There’s a fine old-fashioned row over the Tate Gallery and its purchase of The Upper Room, representing the 13 Stations of the Cross, by the British artist Chris Ofili for a healthy £600,000.

Chris Ofili The Upper Room 1999-2002 © Courtesy Chris Ofili - Afroco and Victoria Miro Gallery
The fuss isn’t about the merit of the works, which are, however, said to be decomposing somewhat, but over the propriety of the transaction. Ofili, who is relatively young, is a Trustee of the Tate - which no doubt was delighted to recruit a hot Young British Artist (also, as it happens, a black one). But the malcontents wish to know how Sir Nicholas Serota, the titan of all the Tates, can justify buying from a Trustee in this manner.
It’s not just Ofili whose pockets are benefiting, of course, but those of his dealer, Victoria Miro. She has raised half the money needed for the Tate to buy the work. Much of that charitable loot, however, will end up in her own hands.
All this is manna from heaven to those who suspect the art world of being infinitely corruptible. In any controversy, the Tate is quite likely to be involved - because it has a near-monopoly of influence on the contemporary art scene, apart from the activities of art tycoon Charles Saatchi. The latter was once thought to be exercising too much influence on Serota. Although the two have since fallen out, lo and behold here’s the secretive Saatchi, bobbing up in the Ofili saga. Two months before the Ofili purchase was announced, Saatchi sold an Ofili painting for £550,000 in New York - four times the previous record for this artist.
What’s really happening? It has little to do with misbehaviour - if Saatchi sold with advance knowledge of the Tate purchase, so what? If he bought with prior knowledge, it looks worse, but many people must have known about the Ofili transaction.

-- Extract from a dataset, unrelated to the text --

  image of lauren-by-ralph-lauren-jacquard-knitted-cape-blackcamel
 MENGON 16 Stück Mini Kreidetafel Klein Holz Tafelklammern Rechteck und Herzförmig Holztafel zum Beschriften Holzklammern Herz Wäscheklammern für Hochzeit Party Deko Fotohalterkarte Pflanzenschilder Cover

The real villain is the huge escalation in contemporary art prices. High prices encourage high greed, and high greed stretches the bounds of integrity. Dealers like Miro get the room to argue (as Serota did on her behalf with the Ofili) that a large price is actually a wondrous bargain. The Miro-Tate combination worked in much the same way in a transaction with which I was involved.
But I don’t think either art lovers or collectors should worry unduly. The bulk of the transactions and most of the dealers are absolutely straight. As for the artists, some are, some aren’t. But they, too, are becoming rich enough to afford honesty. For example, Damian Hirst has bought a 300-bedroom chateau in the West of England, maintains a huge staff partly to supply an eager market with lesser art works, and is opening his own large art gallery.
As for Ofili, the prices his works are now fetching represents a huge return on the cost of the elephant dung which features in large dollops on his pictures (much to my bafflement, I should add). But once an artist becomes fashionable with the curators of the world, the sky has a very high limit.